You can run this tutorial on the Google Colaboratory.

You can use log1p transformed median library size normalized data. Most benchmarks have been performed using scran normalization (https://doi.org/10.1186/s13059-016-0947-7). You can find a tutorial how to prepare your data for scran here:

https://github.com/dpeerlab/spectra/blob/main/notebooks/scran_preprocessing.ipynb

An R script to run scran can be found in the preprocessing folder of this repository.

Example Data Download:

Data used for the examples can be found in the data folder of this package (https://github.com/dpeerlab/spectra/tree/main/data): This is a subsetted version of the Bassez et al. Nature Medicine (https://doi.org/10.1038/s41591-021-01323-8) preprocessed by scran and emptydrops with annotated cell types.

Usage

We start by importing spectra. The easiest way to run spectra is to use the est_spectra function in the spectra module, as shown below.

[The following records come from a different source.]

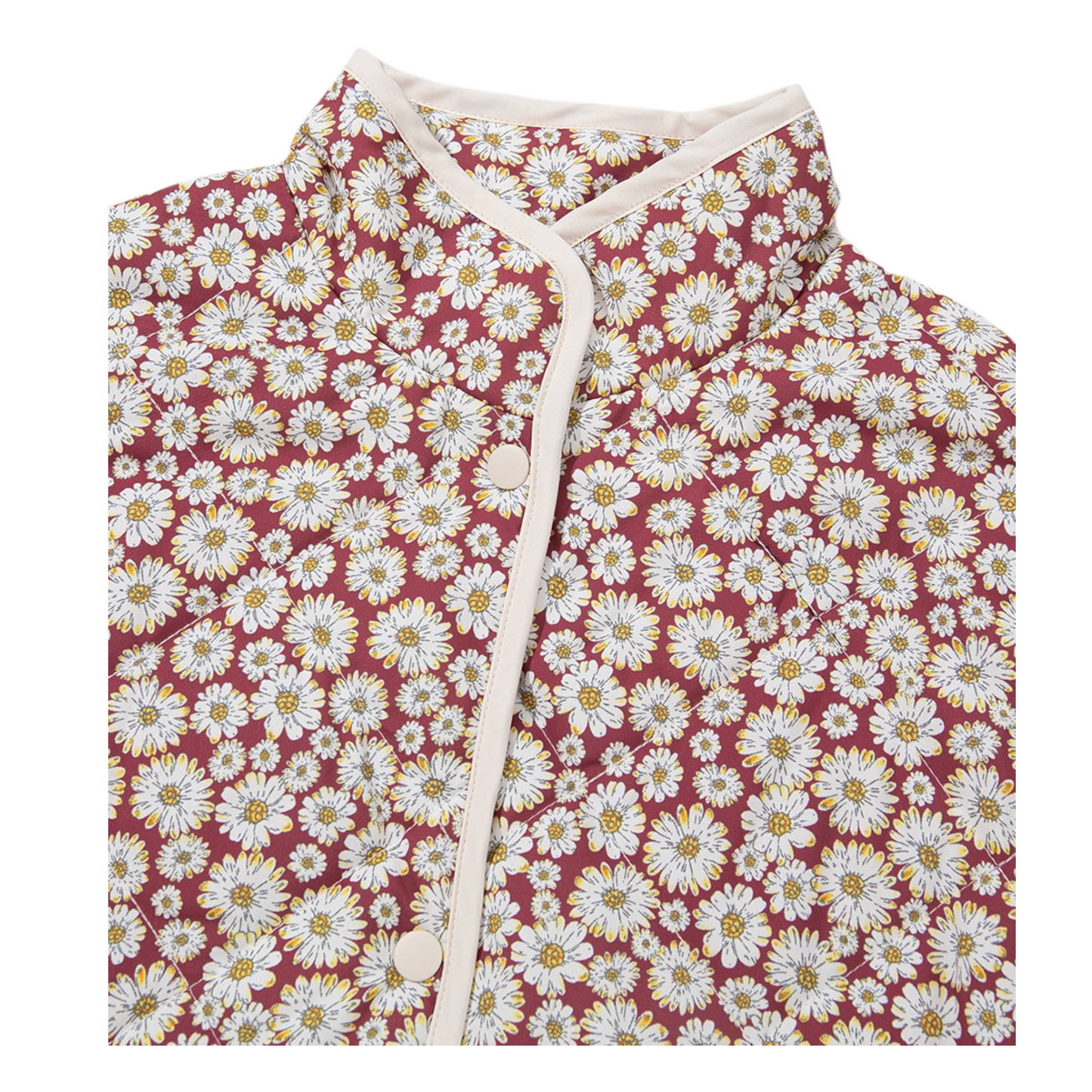 Floral patterned garment with a zipper on a white background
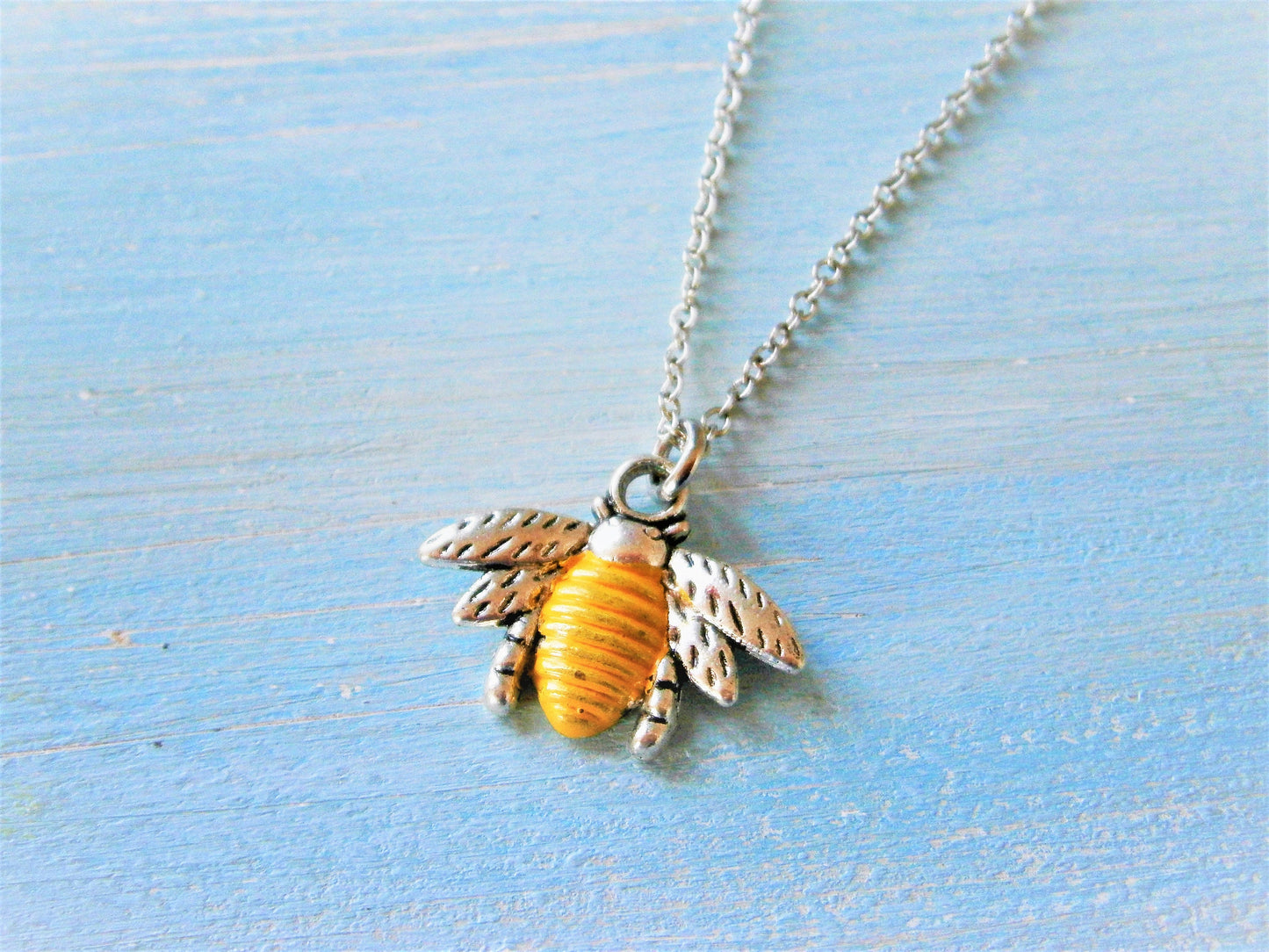 Antique Silver Bumble Bee Charm with Yellow Patina Detailing Necklace/Nature Necklace/Woodland Jewellery/Bee Necklace/Boho Jewelry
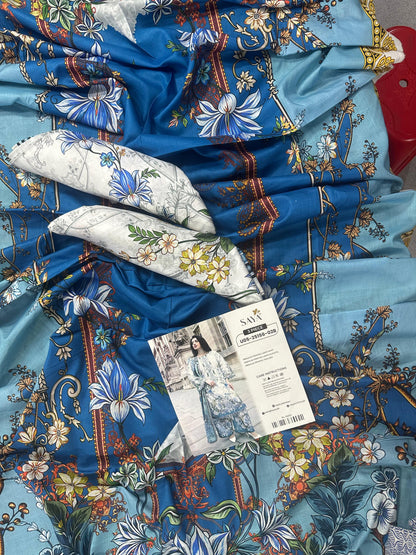 Saya 3 PCs Unstitched Lawn Collection D.No :-01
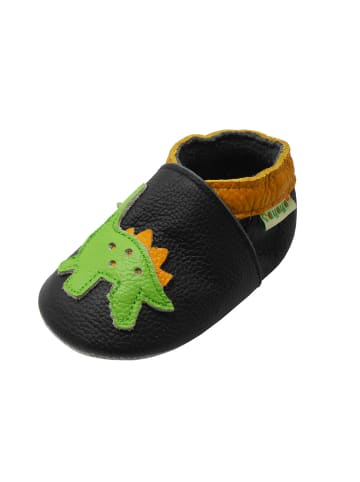 Yalion Leder-Krabbelschuhe "Dino" in Schwarz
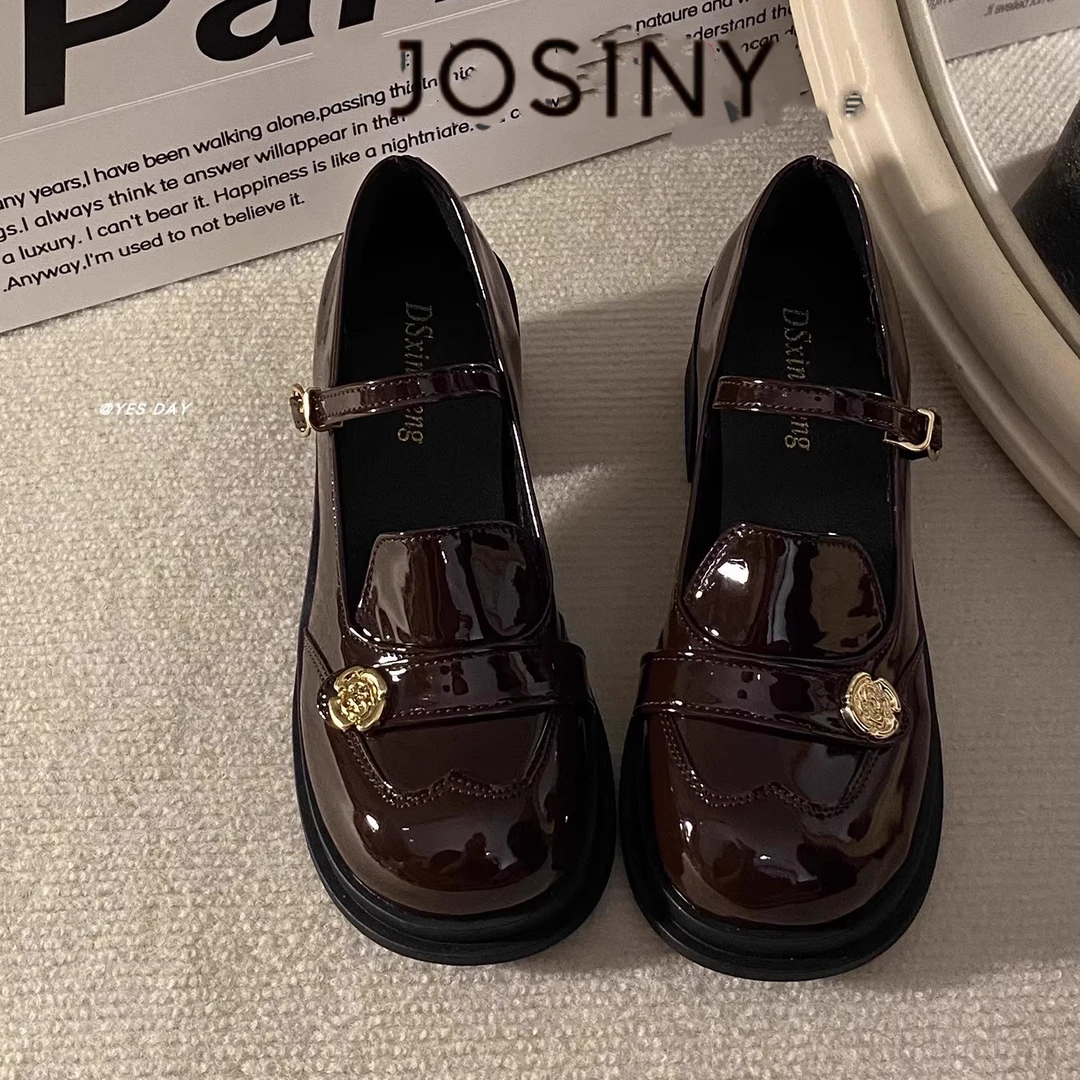 卓诗尼【断码清仓】赫本风百搭配裙子小皮鞋女2025秋季新款玛丽珍鞋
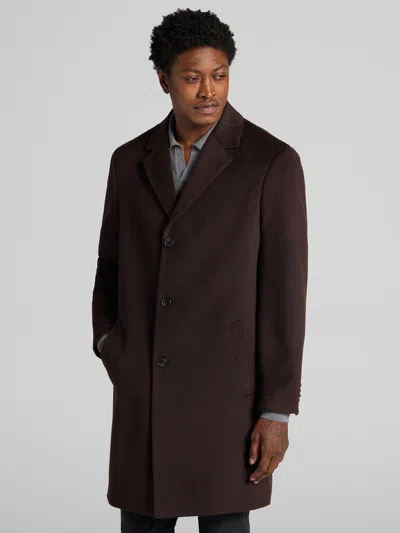 Joseph Abboud Signature Wool Blend Overcoat Dark In Brown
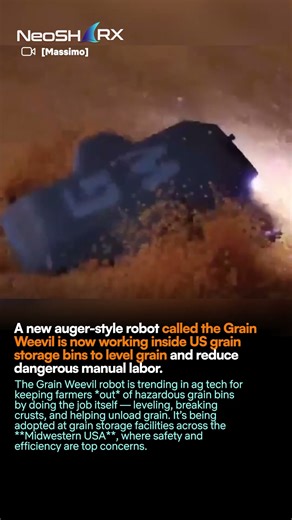 Grain bin robot developed by Nebraska agtech startup Grain Weevil — is actively #drone #robotics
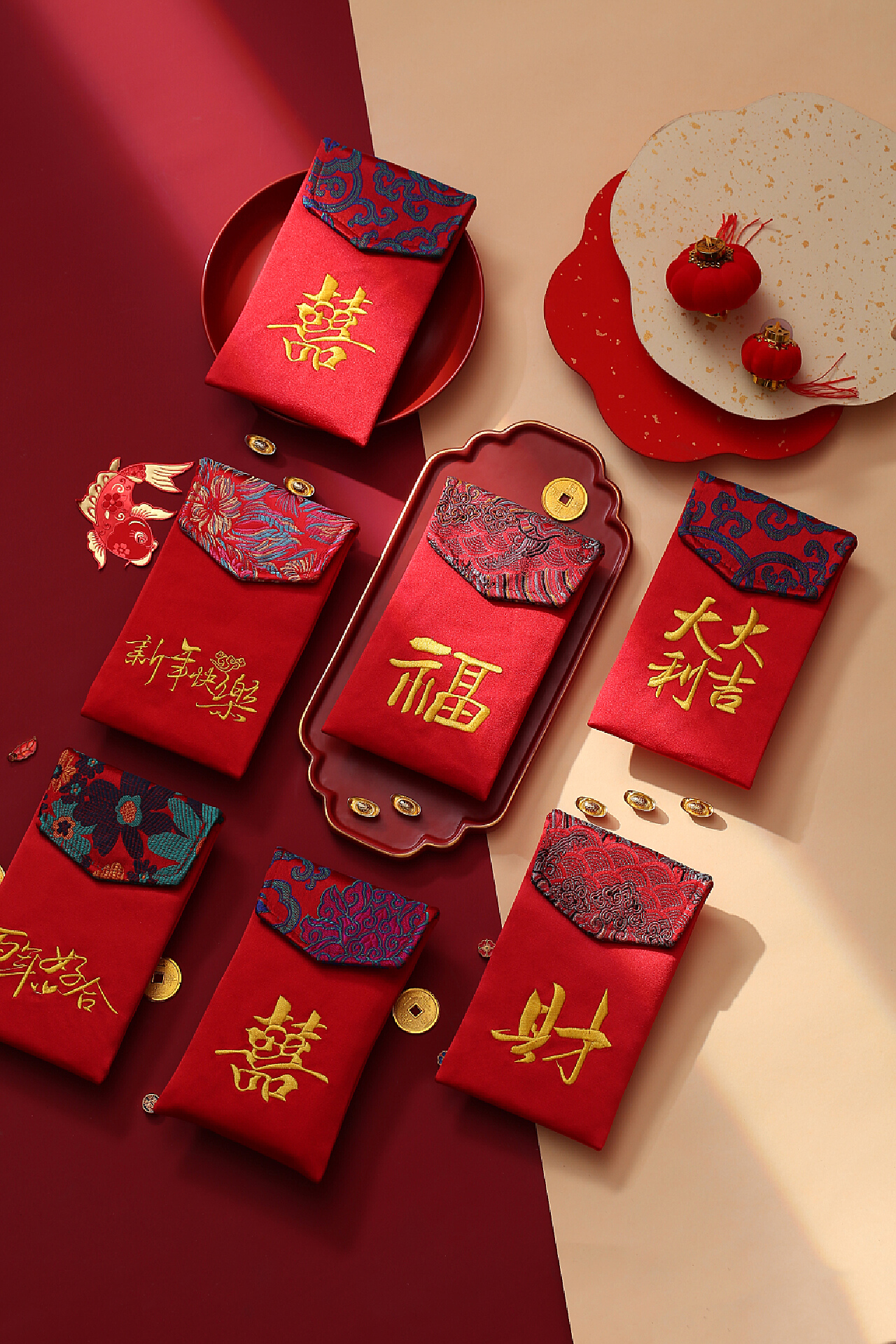 新年装饰红包福袋图片素材免费下载 - 觅知网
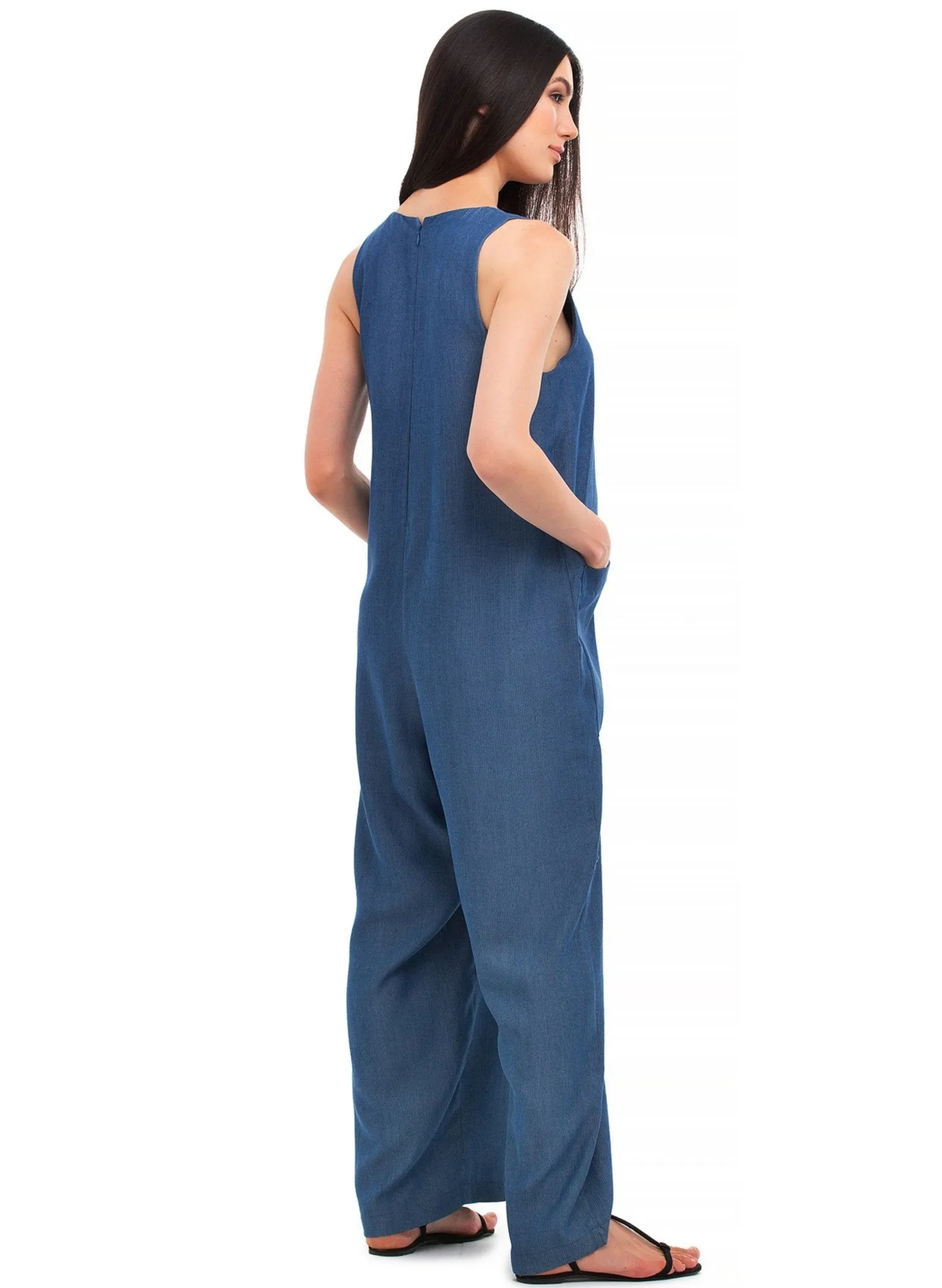 Bianca Maternity Jumpsuit - Medium Denim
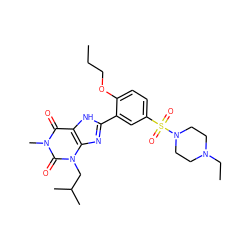 CCCOc1ccc(S(=O)(=O)N2CCN(CC)CC2)cc1-c1nc2c([nH]1)c(=O)n(C)c(=O)n2CC(C)C ZINC000013818357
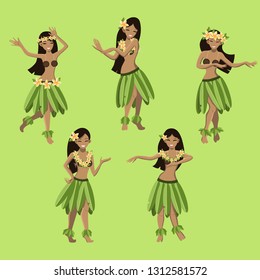 hawaiian girls dancing hula vector image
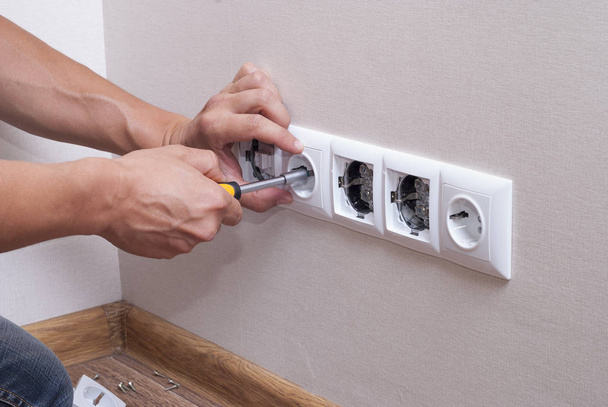 installation of electrical sockets - Photo, Image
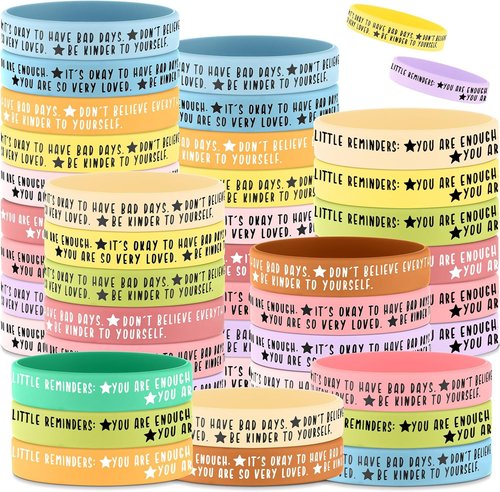 Ecation 36 Pcs Mental Health Awareness Wristbands - Motivational Silicone Bracelets for Events & Gifts
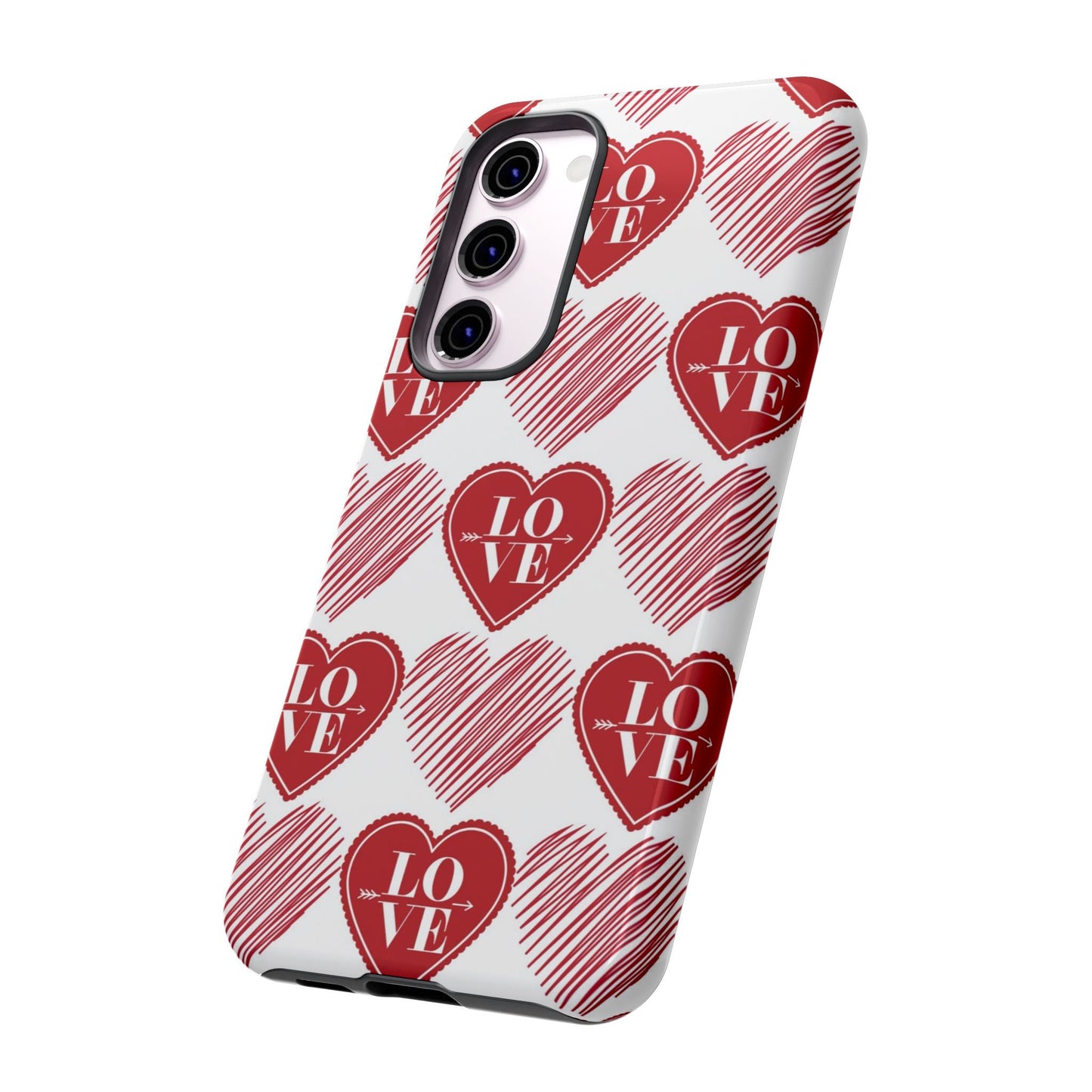 Red Love Heart Pattern – Samsung Galaxy Case - BOGO Cases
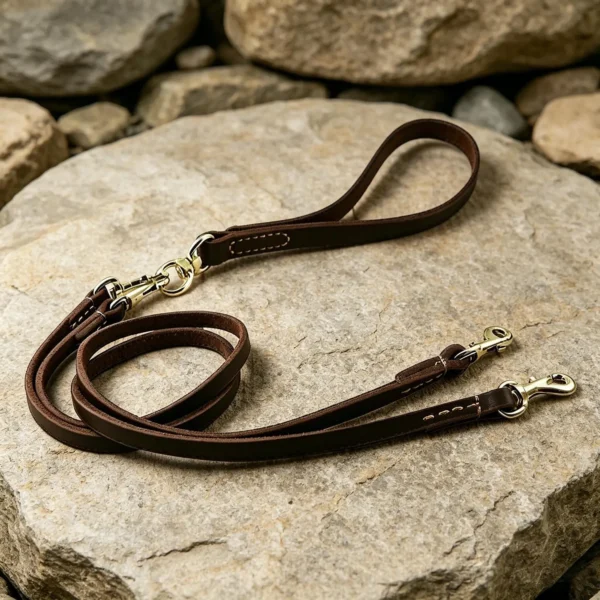 Double dog leash with brown leather handle, detachable coupler leads and brass swivel fittings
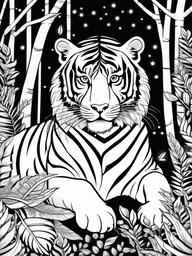 Tiger Coloring Pages - Tiger in a mystic jungle scene with fireflies  simple coloring pages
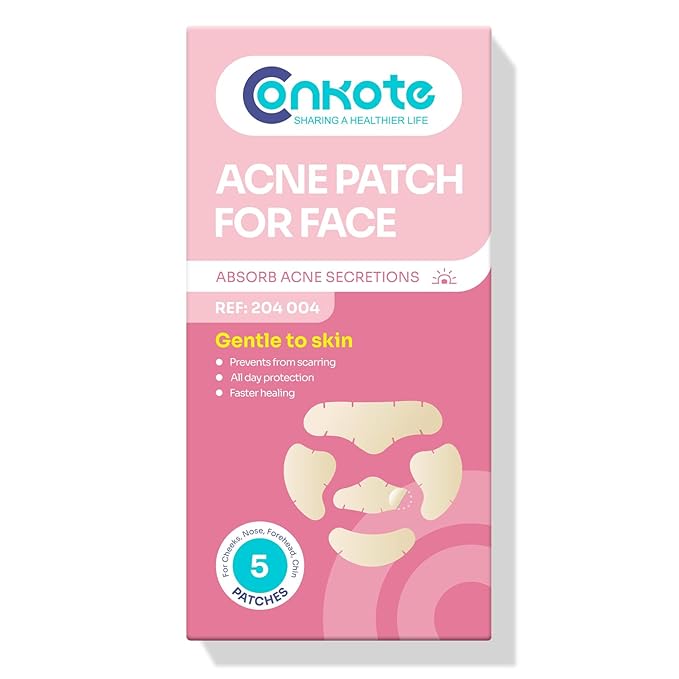 Conkote Acne Patches for Face, Large Pimple Patches to Absorb Acne Gunk from T-Zone, Cheeks, and Chin, Invisible Spot Treatment for Breakouts and Blemishese, 5 Count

The default behavior is to set the number of factors equal to the number of gene sets plus one. However, this can be modified by passing an integer e.g. L = 20 as an argument to the function or a dictionary that maps cell type to an integer per cell type. We provide a method for estimating the number of factors directly from the data by bulk eigenvalue matching analysis, which is detailed further below.

from spectra import spectra as spc

model = spc.est_spectra(adata = adata,  gene_set_dictionary = gene_set_dictionary, cell_type_key = "cell_type", use_highly_variable = True, lam = 0.01)

This function stores four important quantities in the AnnData, in addition to returning a fitted model object. Factors are the scores that tell you how much each gene contributes to each factor, while markers is an array of genes with top scores for every factor. Cell scores are similarly the score of each factor for every cell. Finally, vocab is a boolean array that is True for genes that were used while fitting the model - note that this quantity is only added to the AnnData when highly_variable is set to True

factors = adata.uns['SPECTRA_factors'] # factors x genes matrix that tells you how important each gene is to the resulting factors
markers = adata.uns['SPECTRA_markers'] # factors x K [where K is a user specified number] list of K top markers per factor
cell_scores = adata.obsm['SPECTRA_cell_scores'] # cells x factors matrix of cell scores
vocab = adata.var['spectra_vocab'] # boolean matrix of size # of genes that indicates the set of genes used to fit spectra 

Accessing model parameters

To access finer grained information about the model fit, we can look at the attributes of the model object directly. Model parameters can be accessed with functions associated with the model object

model.return_eta_diag()
model.return_cell_scores()
model.return_factors() 
model.return_eta()
model.return_rho()
model.return_kappa()
model.return_gene_scalings()

Apart from cell scores and factors, we can also retrive a number of other parameters this way that are not by default added to the AnnData. Eta diag is the diagonal of the fitted factor-factor interaction matrix; however, its interpretation is that it measures the extent to which each factor is influenced by the prior information. In practice many of these values are zero, indicating that they are estimated without bias introduced by the annotation set. Eta is the full set of factor-factor interaction matrices, whose off diagonals measure the extent to which factors share the same genes. Rho and kappa are parameters that control the background rate of non-edges and edges respectively. These can be fixed throughout training (default) or estimated from the data by providing rho = None or kappa = None to the est_spectra() function or to model.train(). Finally gene scalings are correction factors that normalize each gene based on its mean expression value.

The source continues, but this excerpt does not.